Оглянуться не успела,
Как зима катит в глаза! –

с горькой улыбкой подумала Дарья Ивановна. Ах, как резко и рано изменила ей жизнь и обратила ее в нуль! Ни молодости, ни здоровья, ни денег… Любовь была, – муж уже вот пять лет лежит в могиле там, возле белой церкви, на высокой длинной горе, похожей на тушу допотопного чудовища, которому поручено охранять своей богатырскою мощью сокровища расположенного у ног его города. С того-то времени и начались для Дарьи Ивановны эти бессонные ночи, эта жизнь ночного привидения; тогда-то и появился у нее загадочный, притуплённый взгляд, полный угрозою близкого безумия. А ведь странно, когда муж умер, Дарья Ивановна не казалась слишком пораженною, – довольно спокойно распоряжалась похоронами, почти не плакала и не то чтобы сдерживалась, – нет, просто не хотела плакать; только голова у нее все время некрасиво тряслась, и отчего-то холодно ей было, несмотря на жаркую пору; и ее сильно смущало и раздражало, что она не в силах ни согреться, ни остановить этого непроизвольного дрожания головы. Впоследствии Дарья Ивановна не слишком часто вспоминала покойного мужа так, чтобы сосредоточить на его памяти все свои мысли; но ей не раз казалось, что со времени его смерти она чуть ли не совсем потеряла способность внимательно думать, подолгу останавливаться на одном и том же предмете и очень плохо запоминает текущую жизнь. Все по-видимому идет в порядке. Дарья Ивановна – и мать образцовая, и хозяйка отличная, и женщина честная; семья ее растет, развивается, кругом ключом кипит детский юный быт; но ей как-то безынтересно все это: она и обязанности свои выполняет, и в семейных радостях и волнениях участвует поверхностно, по привычке, машинально и потому лишь, что так надо, – втайне ко всему равнодушная, почти холодная.
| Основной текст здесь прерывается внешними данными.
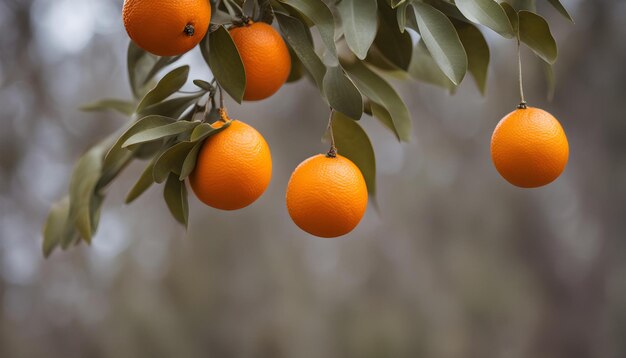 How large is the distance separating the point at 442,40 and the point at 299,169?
0.17 meters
– Мертвая среди живых!.. – сказала про себя Дарья Ивановна, покачала головой и, слабо махнув рукой, села на подоконник. Утро вставало великолепное. Небо позеленело, светлое и прозрачное, как аквамарин. За хребтом высокой восточной горы, откуда надо было ждать солнца, висело сизое облако, и на его поле ярко обозначились пять расходящихся толстых полос белого света – точно спицы колес в повозке Гелиоса, готового помчать в мировое пространство своих огнедышащих коней. Разбуженные светом, мелкие тучки сорвались с уступов, дававших им ночной приют, и, то румяные, то золотые, быстро поплыли вразброд над долиною, где еще царили длинные черные тени, властно покрывая сонный город и мутную, строптивую реку. Но вот косой луч ударил откуда-то в высокую жестяную крышу большой церкви, разбился на ней в миллионы искр и, гигантским зайчиком перепрыгнув через широкую, обсаженную деревьями улицу, заиграл на окнах противоположных зданий. За этим лучом, как за первым солдатом, ворвавшимся в неприятельскую крепость, посыпались в город другие лучи, улицы переполнились блеском выкатившегося на гору солнца и стали просыпаться, под веселый птичий крик.
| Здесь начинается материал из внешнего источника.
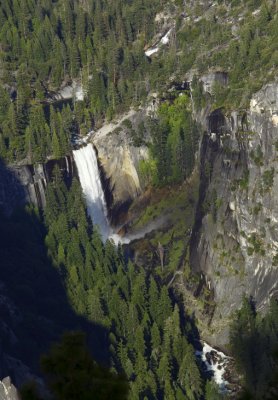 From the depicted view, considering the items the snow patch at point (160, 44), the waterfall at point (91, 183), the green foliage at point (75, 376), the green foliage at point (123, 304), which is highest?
the snow patch at point (160, 44)

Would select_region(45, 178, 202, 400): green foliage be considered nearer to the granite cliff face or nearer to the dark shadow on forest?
the dark shadow on forest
Дарья Ивановна смотрела на сияющее утро, дышала его воздухом, но как будто не видала его, не замечала, что творится в природе. Ей было не до утра и не до торжествующего солнца: мысль ее ушла в далекое прошлое и утонула в нем…

За дверью послышался топот детских ножек, и в комнату вбежали Соня и Лиза – босые, в одних рубашонках, с нерасчесанными головками. Они протирали кулачками слипающиеся глаза.

– Что ж это, мамочка?! – чуть не плача, лепетали они, – мы проспали… Зачем же ты не разбудила нас смотреть, кав: солнышко играет? Мы так тебя просили… Какая ты недобрая!

Дарья Ивановна посмотрела на них с недоумением, словно тоже спросонья:

– Ах, да… солнышко! – тихо сказала она с жалкой улыбкой, – оно не играло сегодня, дети… Да, кажется, и никогда уж больше не будет играть!

И, не слушая детской жалобной воркотни, понуро и медленно побрела в кухню сказать кухарке, чтобы та поскорее ставила самовар.